Outgoing: How the Nobble Was Finally Found by C. K. Williams
Once upon a time there was something, a creature or an animal or a person or, anyway, a something named a NOBBLE, who--even though he'd lived about four thousand three hundred ad twenty-three years and fourteen days--had never been discovered, or bumped into, or met, or found by anybody, anybody at all.
He lived all alone.
The NOBBLE plays in the place between Wednesday and Thursday, and he sleeps on the bottom rung of the number eight, but he has never had anyone to say "Hello," or "Come in!" to, and so he also has no one he could say "Goodbye" to. It is such a solitary way of being that the Nobble begins to wonder who he is-- or even if he is.
Sometimes the NOBBLE would think that not only was he dreaming that he was crying in his sleep, but maybe he was a dream himself; maybe he was just himself having a dream about himself.
He didn't want to be alone anymore, so he set off to try to find some place he hadn't been yet, or maybe see something there he hadn't seen yet...or SOMETHING.
It's a strange world in that place where he's never been, but then he meets an unlikely matchmaker, a somebody called a girl, who seems to know exactly what the NOBBLE needs. When he can't bring himself to come close enough to talk, she shouts to him "Pick up the phone!" And when he finally understands how to open the phone booth and put the strange black thing to his ear, she tells him exactly where to go, and when he gets to that place she explains how to open the door for the something that is knocking, the somebody that is also looking for a something like him. It is another NOBBLE, one who has been just as lonely as he.
And they laughed and zoomed off, both of them, up through the space of the highest note in your favorite song. . . and crossed the space between Wednesday and Thursday and then the little girl couldn't see them anymore; all she could hear was their laughing.

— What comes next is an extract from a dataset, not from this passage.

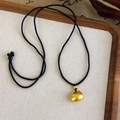 Vue macro détaillée du pendentif serrure Ruyi doré mat avec caractère Fu sur cordon tressé - Style Serrure Ruyi Or Mat (24265C)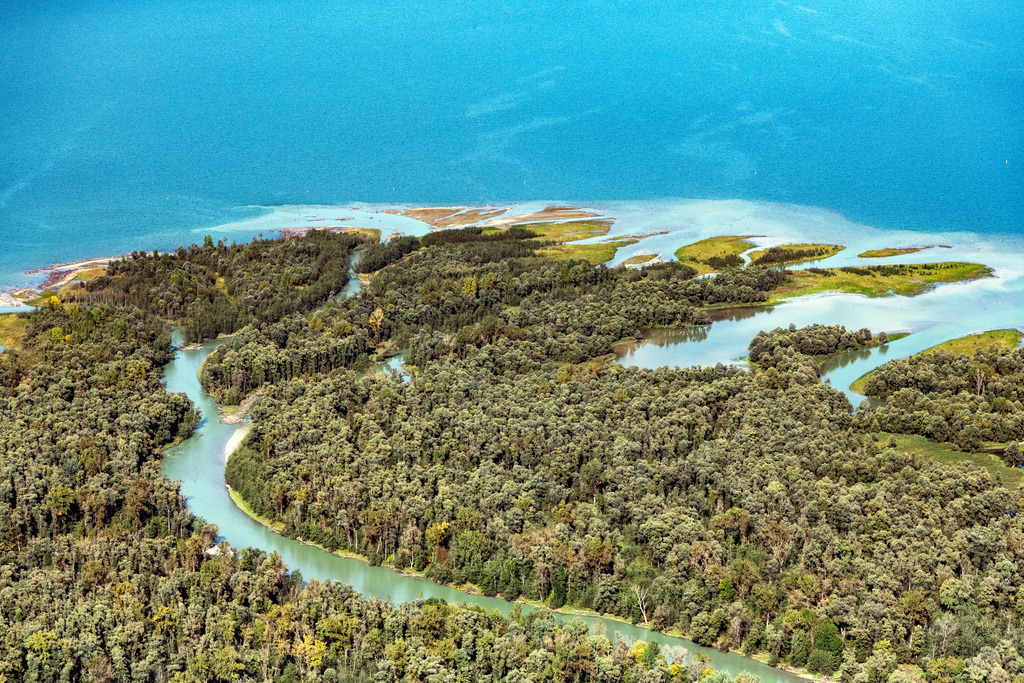 dr__0038975.jpg | CHIEMSEE 11.10.2019 Mündung der Tiroler Achen in Übersee im Bundesland Bayern. Sie entspringt am Pass Thurn und mündet bei Grabenstätt in den Chiemsee. // Estuary of the Tiroler Ache in Uebersee in Bavaria. It rises at the Thurn Pass and flows into the Chiemseeat Grabenstaett. Foto: Daniel Reiter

Putting together Pulitzer Prize-winning poet C. K. Williams and Caldecott medalist Stephen Gammell guarantees a fantasy of friendship found, one that indeed lives in the space behind the ampersand and between the quiver-quavers of a violin's vibrato. Their How the Nobble Was Finally Found (Houghton Miffln/Harcourt, 2009) features Gammell's unique and fanciful hand-lettering and unmistakable illustrations and Williams' way-out language that will take young readers to a place they've never been but, with a friend on the other side, a place they will instantly recognize.